Let's analyze the options:

• A) NH₃: Nitrogen is in Group 15, like arsenic. In NH₃, N is sp³ hybridized with one lone pair. The ideal tetrahedral angle is 109.5°, but due to the lone pair, the bond angle is reduced to approximately 107°. AsH₃ also has a central atom (As) from Group 15 with one lone pair. However, as we move down the group, the electronegativity of the central atom decreases, and the bond pair-bond pair repulsion decreases, leading to a smaller bond angle. Also, the tendency for hybridization decreases down the group, and the bond angle approaches 90° (p-orbital bonding). Therefore, the bond angle in AsH₃ (approx. 91.8°) is less than that in NH₃ (approx. 107°).
• B) H₂O: Oxygen is in Group 16. In H₂O, O is sp³ hybridized with two lone pairs.
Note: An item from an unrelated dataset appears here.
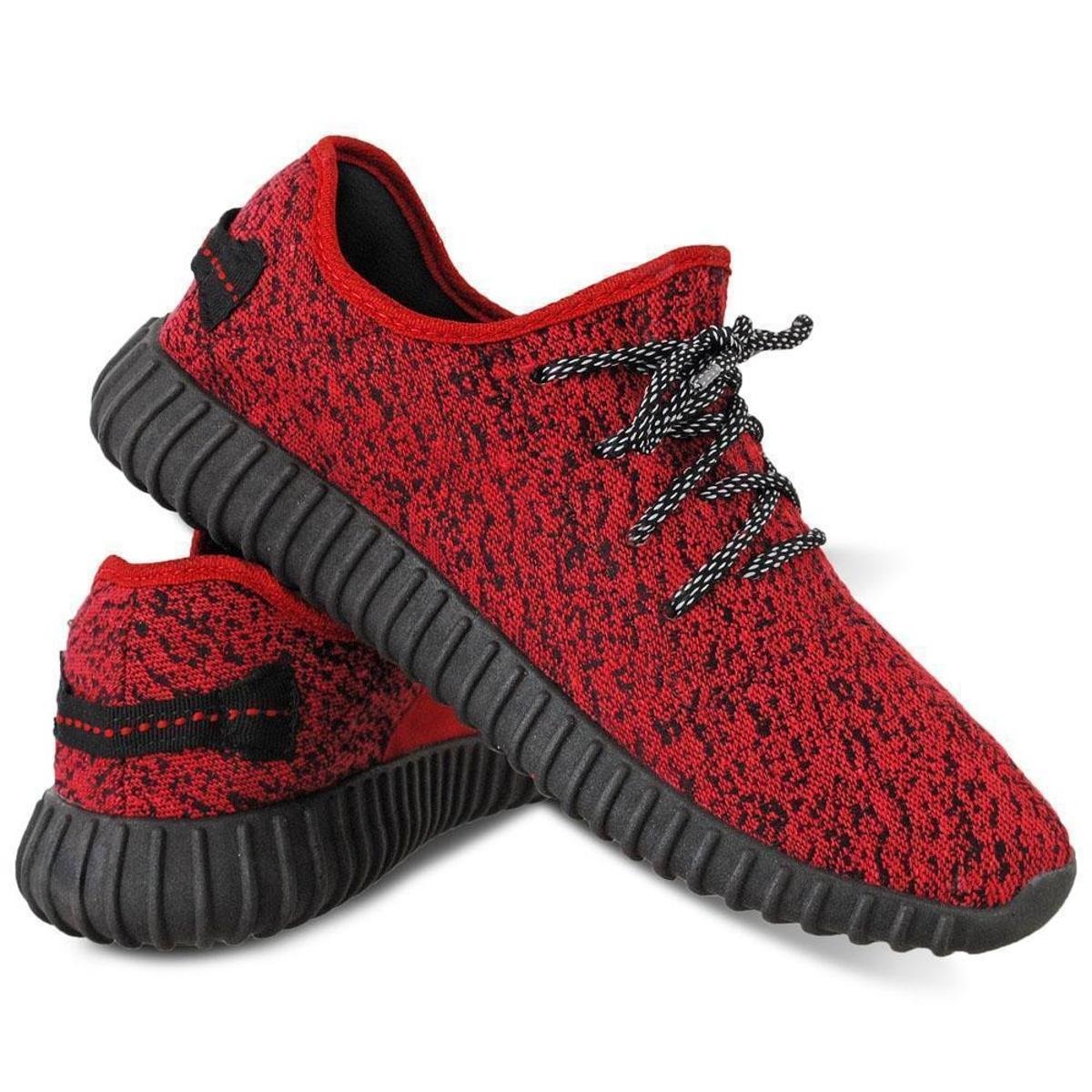 Tênis Esporte Caminhada Masculino Leve Liso Confortável com Sola Detalhada - Vermelho Menor preço em Tênis Esporte Caminhada Masculino Leve Liso Confortável com Sola Detalhada - Vermelho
The ideal tetrahedral angle is 109.5°, but due to two lone pairs, the bond angle is significantly reduced to approximately 104.5°. The bond angle in AsH₃ (approx. 91.8°) is less than that in H₂O.
• C) BCl₃: Boron is in Group 13. In BCl₃, B is sp² hybridized with no lone pairs. The molecular geometry is trigonal planar, and the bond angle is exactly 120°. The bond angle in AsH₃ (approx. 91.8°) is less than that in BCl₃.

In all the given options (NH₃, H₂O, BCl₃), the bond angles are greater than the bond angle in AsH₃. Therefore, the bond angle in AsH₃ is not greater than any of the given options.

Correct Answer: (D)